Читаем Философические письма (сборник) полностью

Известность Чаадаева своеобразно возросла в результате возбуждающего воздействия на русское общественно-литературное мнение его первого философического письма, опубликованного в 1836 году в журнале «Телескоп»."…Одним «философическим письмом», – замечал Плеханов, – он сделал для развития нашей мысли бесконечно больше, чем сделает целыми кубическими саженями своих сочинений иной трудолюбивый исследователь России «по данным земской статистики» или бойкий социолог фельетонной «школы»[403]. Эта публикация способствовала уточнению, углублению и размежеванию различных концепций исторического развития России, заставляла философов, писателей, художников ставить и исследовать принципиально важные, но систематически не разрабатывавшиеся проблемы. «Письмо Чаадаева… – писал Аполлон Григорьев, – было тою перчаткою, которая разом разъединила два дотоле если не соединенные, то и не разъединенные лагеря мыслящих и пишущих людей. В нем впервые неотвлеченно поднят был вопрос о значении нашей народности, самости, особенности, до тех пор мирно покоившийся, до тех пор никем не тронутый и не поднятый».[404]

Рассуждая на журнальных страницах о своеобразии судьбы России и ее роли в движении мировой истории, Чаадаев вынес суровый и безысходный приговор: "…тусклое и мрачное существование, лишенное силы и энергии, которое ничто не оживляло, кроме злодеяний, ничто не смягчало, кроме рабства. Ни пленительных воспоминаний, ни грациозных образов в памяти народа, ни мощных поучений в его предании… Мы живем одним настоящим, в самых тесных его пределах, без прошедшего и будущего, среди мертвого застоя».[405]

Такой вывод единственной напечатанной при жизни Чаадаева крупной работы стал источником всевозможных искажающих его личность легенд, в которых он представал ненавистником России, перешедшим в католичество апологетом римской церкви, безусловным поклонником Запада. Но достаточно привести только одну цитату (а таких цитат можно найти в произведениях Чаадаева много), чтобы убедиться в односторонности подобных суждений. В «Апологии сумасшедшего», написанной Чаадаевым в 1837 году, читаем: "…у меня есть глубокое убеждение, что мы призваны решить большую часть проблем социального порядка, завершить большую часть идей, возникших в старых обществах, ответить на важнейшие вопросы, какие занимают человечество. Я часто говорил и охотно повторяю: мы, так сказать, самой природой вещей предназначены быть настоящим совестным судом по многим тяжбам, которые ведутся перед великим трибуналом человеческого духа и человеческого общества».[406]

Как двигалась мысль философа и публициста от одной оценочной интонации к другой? В чем сущность отношения Чаадаева к родине?

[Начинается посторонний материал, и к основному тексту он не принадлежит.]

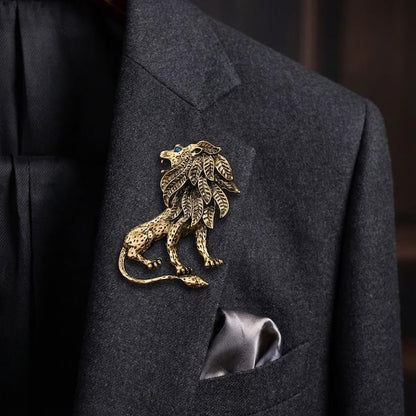 Broche Lion – Épingle en métal dimensionnel avec pierre d'accentuation pour revers de veste homme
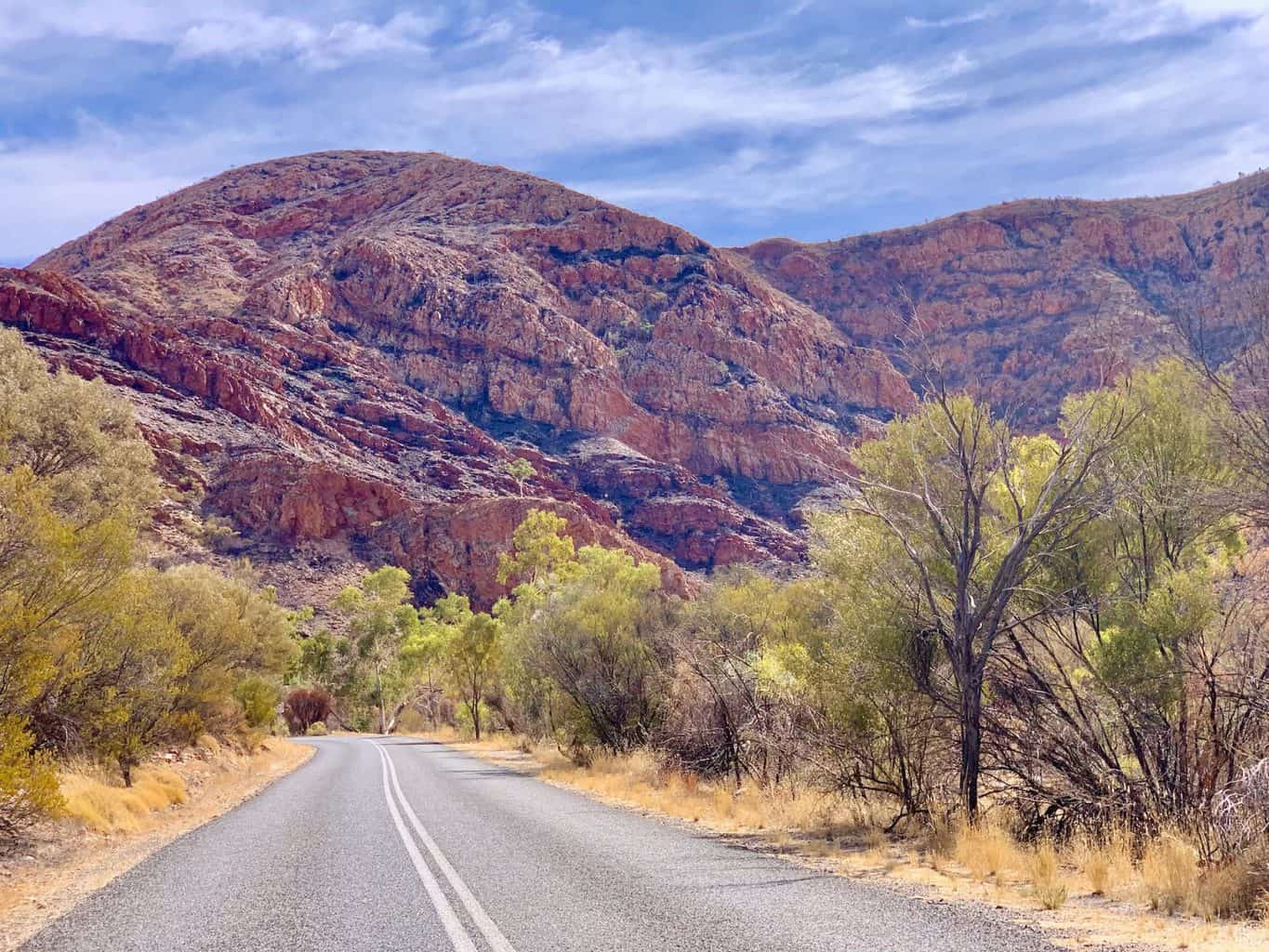 A CAR HIRE ULURU GUIDE How to Book A CHEAP Uluru Car Rental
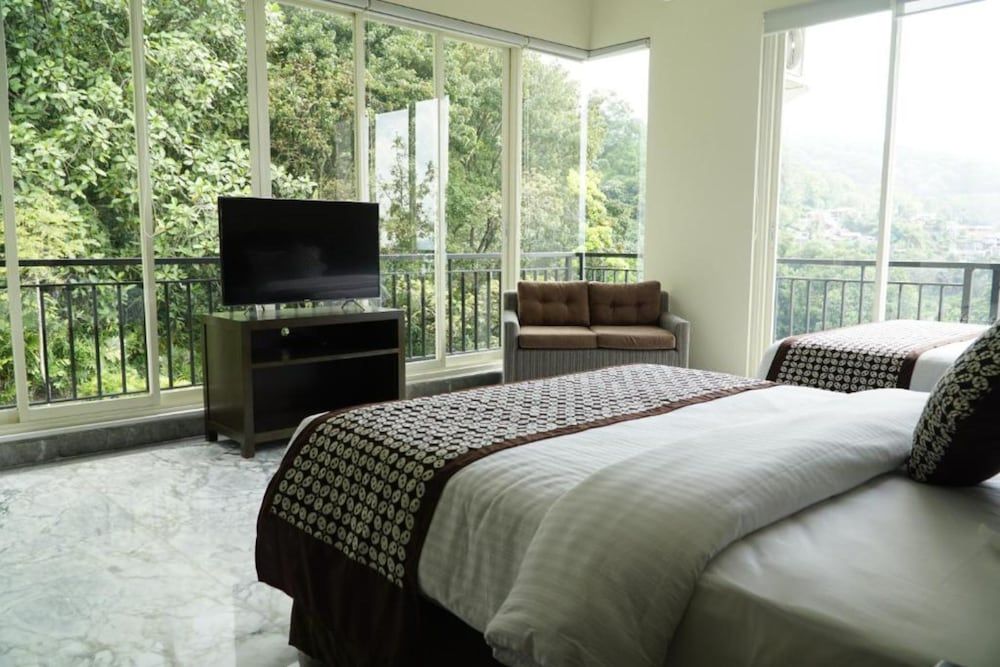 Arainn Bed And Breakfast Tretes Prigen by ecommerceloka Junior Room 2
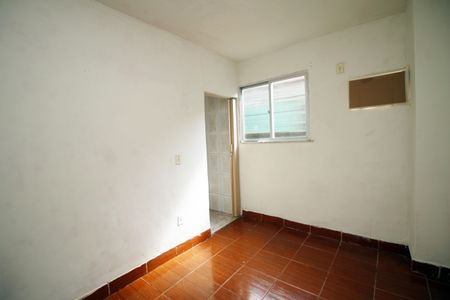 Quarto de casa para alugar com 1 quarto, 38m² em Cordovil, Rio de Janeiro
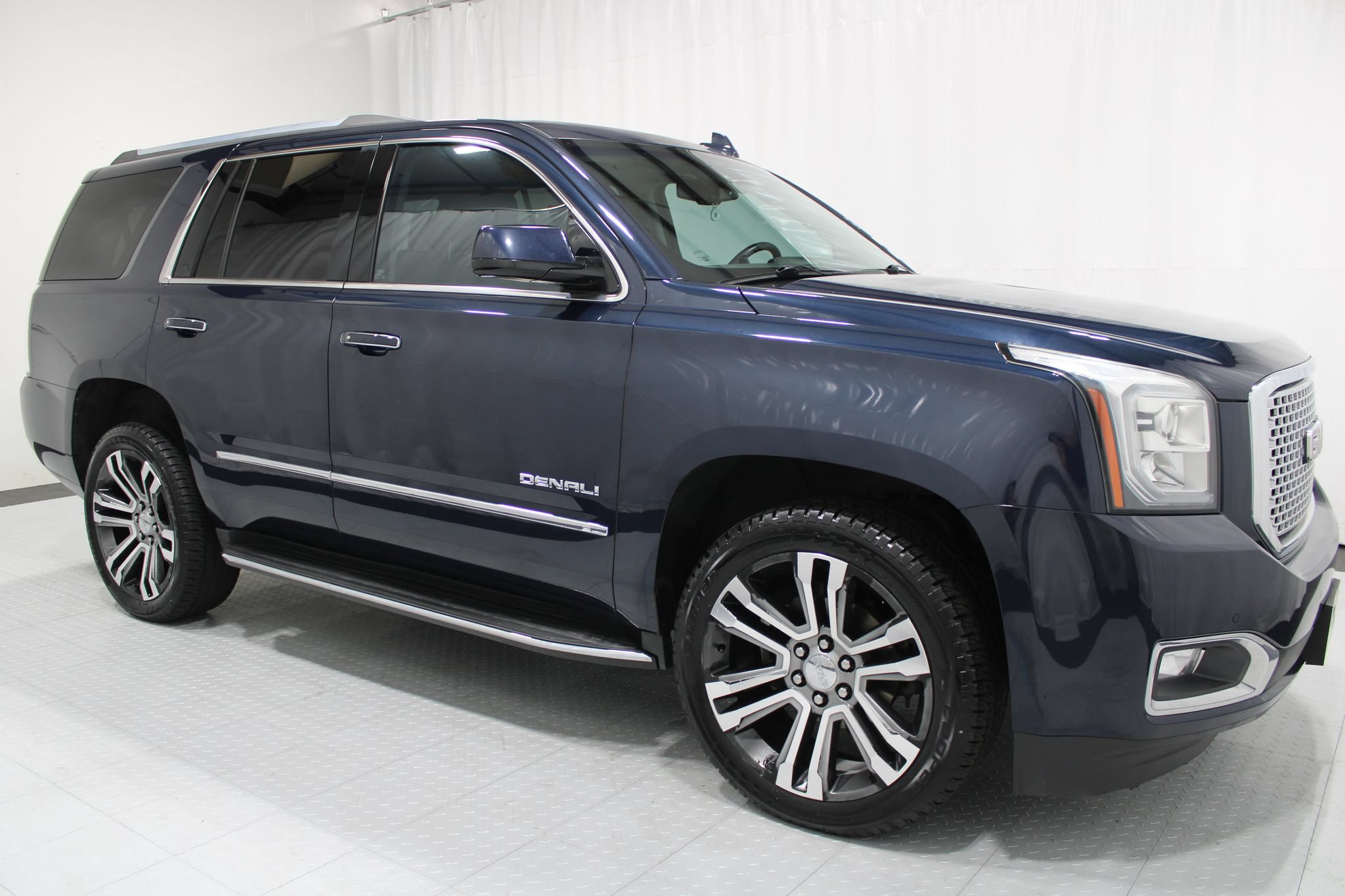 Used 2017 GMC Yukon Denali w/ Open Road Package AWD/4WD image 3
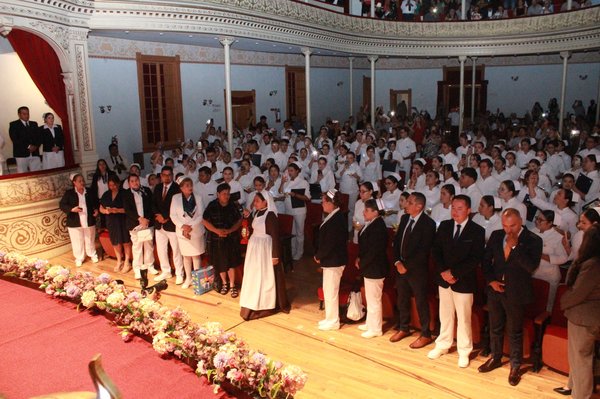 597 2026 Culmina la formación profesional de una nueva generación de 267 estudiantes en la Licenci (43)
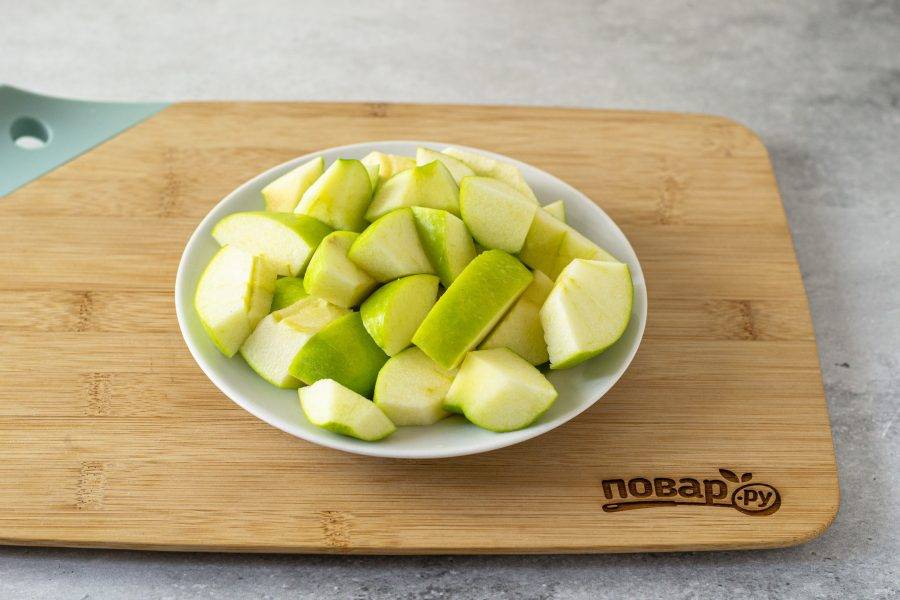 Яблоки помойте, очистите от семян и нарежьте ломтиками среднего размера.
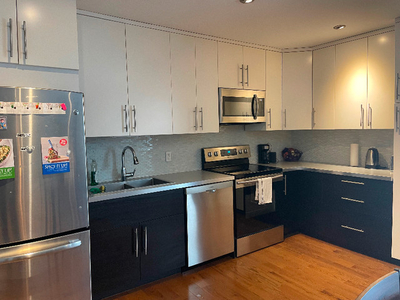 Completely Renovated 3 Bedroom Apt/All-inclusive/Available May 1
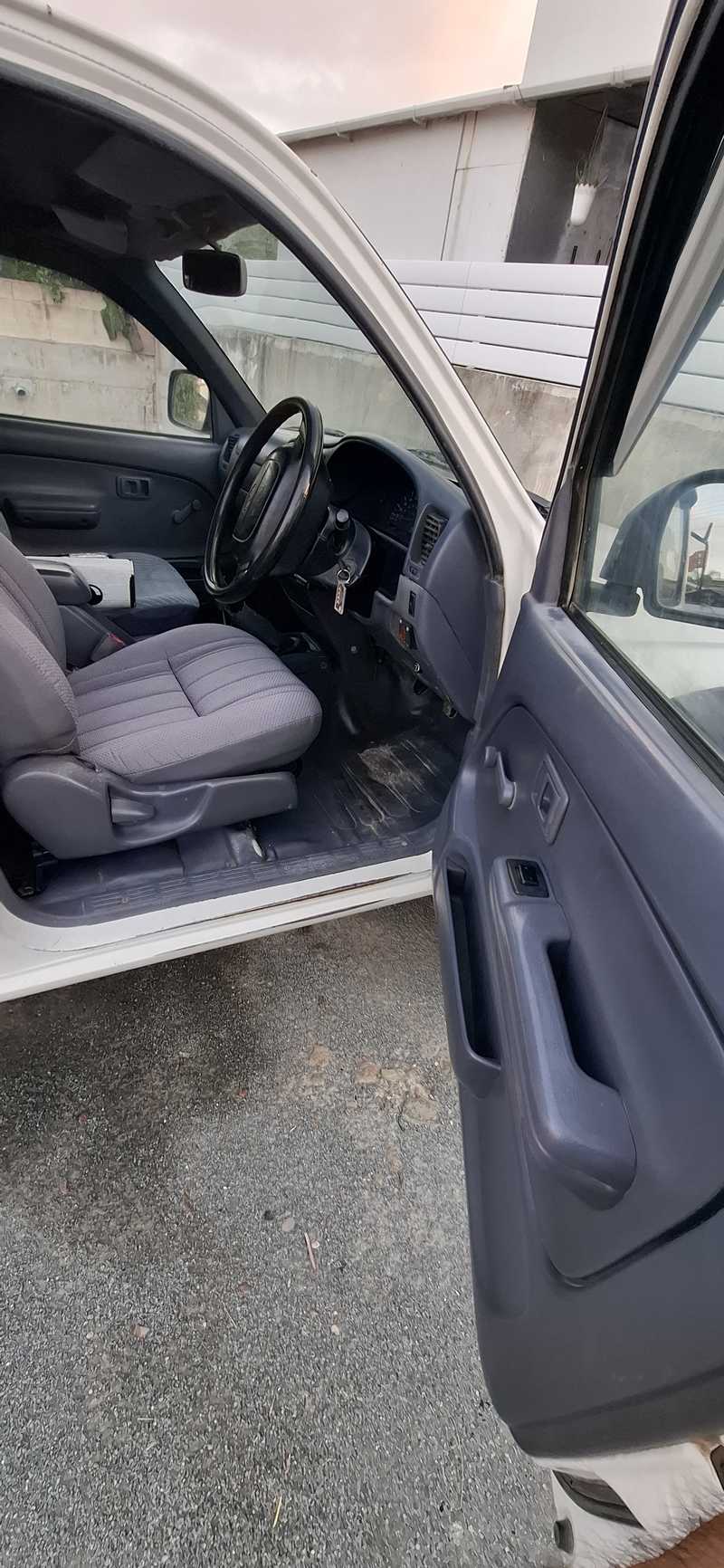 2000 Toyota Hilux 2,4L 2000 Cyprus
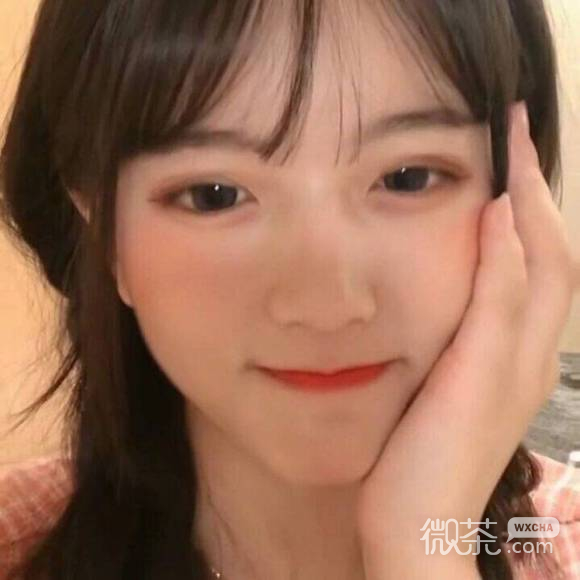 微信成熟好看的时尚女生头像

Особенности его отношения к русскому прошлому, настоящему и будущему формировались под воздействием таких явлений национальной общественной жизни, как крепостничество и самодержавие времени Николая I. Это воздействие достаточно исследовано. Менее изучена подвижность всего комплекса идей мыслителя, взаимосвязь и развитие его религиозно-философских и социально-исторических представлений – от посылок до выводов. Пушкин, прочитав в рукописи отдельно от других два философических письма, сообщал Чаадаеву: «Мне кажется, что начало слишком связано с предшествовавшими беседами, с мыслями, ранее развитыми, очень ясными и несомненными для вас, но о которых читатель не осведомлен»[407]. Осведомленность читателя в особенностях творчества Чаадаева зависит не столько от знакомства с нашумевшим «телескопским» письмом и тем более с отзвуками на него, сколько от внимания к внутренней логике всех философических писем, а также других его произведений в их неразрывном единстве.

1

Со своей «подвижной кафедры» Чаадаев проповедовал идеи, связанные с таинственным смыслом исторического процесса в целом, с ролью отдельных стран, в частности России, в судьбах всего человечества. Он выражал на свой лад общую для эпохи тягу сознания к историзму, к философскому осознанию протекших и грядущих веков. Так, например, в начале 30-х годов Гоголь, по свидетельству В. В. Григорьева, был побежден мыслью, что он «создан историком и призван к преподаванию судеб человечества»[408]. Герцен же в начале 40-х годов замечал: «История поглотила внимание всего человечества, и тем сильнее развивается жадное пытание прошедшего, чем яснее видят, что былое пророчествует, что, устремляя взгляд назад, – мы, как Янус, смотрим вперед».[409]